Idk. We're far enough down this newsletter I can probably say I get not exactly narked but concerned by the number of journalists writing about sustainable fuels who ask me about what they are. As I try and emphasise: I'm not a scientist and all my understanding of this is self-taught, I don't think it's actually that deep and I'm definitely certain anyone could understand it as much as I do real fast if they put in the same 10 minutes of effort. Like, I'm not a super genius or something - I'm probably above-average stupid. Just kinda worries me.,
Some bits to tie all this up
Turns out electrical circuits can run at absolute zero. That's not immediately useful for cars, which would have a lot of other problems at that point but I dunno, it's something.

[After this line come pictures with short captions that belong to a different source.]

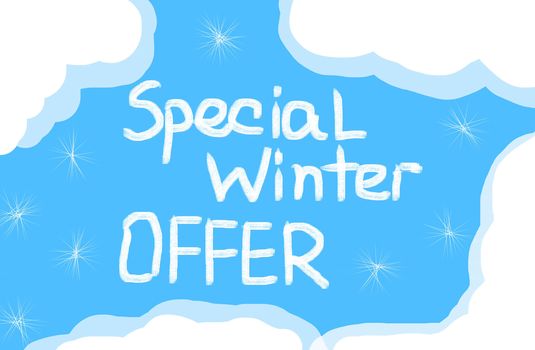 Christmas Offer.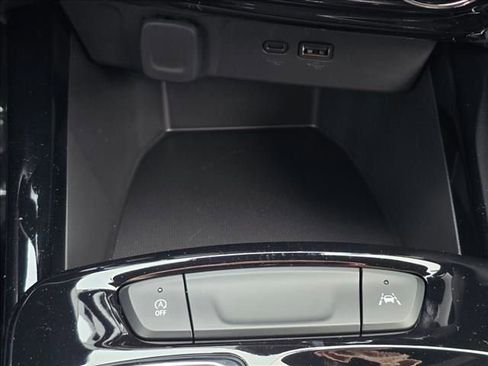 New 2026 Chevrolet Trax RS w/ Driver Confidence Package image 26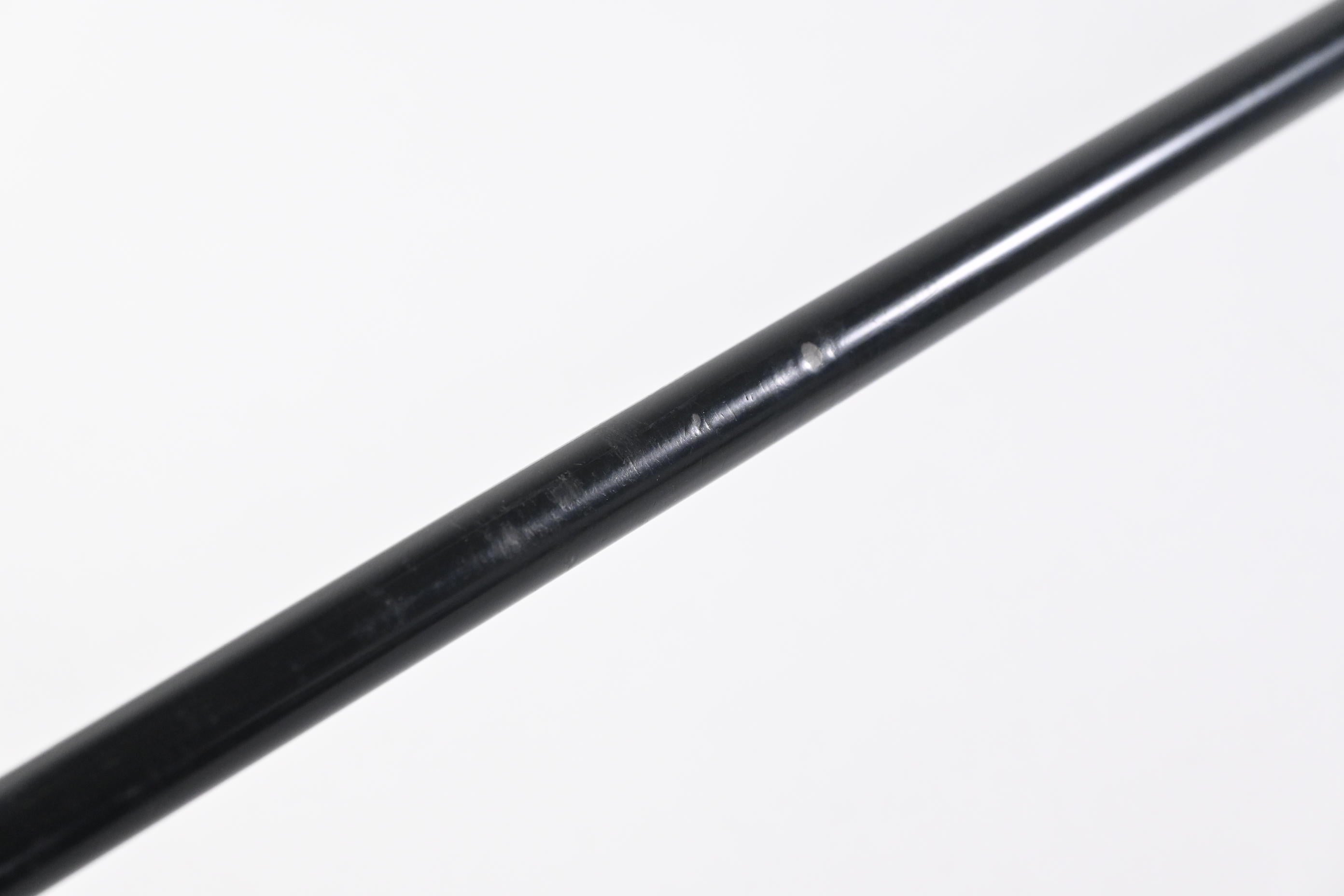 Taylormade Burner 2007 Driver / 10.5 Degree / Regular Flex Reax 50 Shaft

As anyone who's been playing around with Dall-E will know, AI is no match for the human eye yet even with static images. Another one for Elon's notebook, under 'why machine vision really is not a thing you should be relying on for safety.'
I kind of like that fuel gases and hydrocarbons are called aromatic. Feels like it could be in an American youtube cooking show - oh you gotta get your hydrogen, your carbon and your aromatics. Anyway, there's potentially a quicker way to get syngas to turn aromatic using spicy iron. Which is good because iron is a fairly widely occurring element, as catalysts go.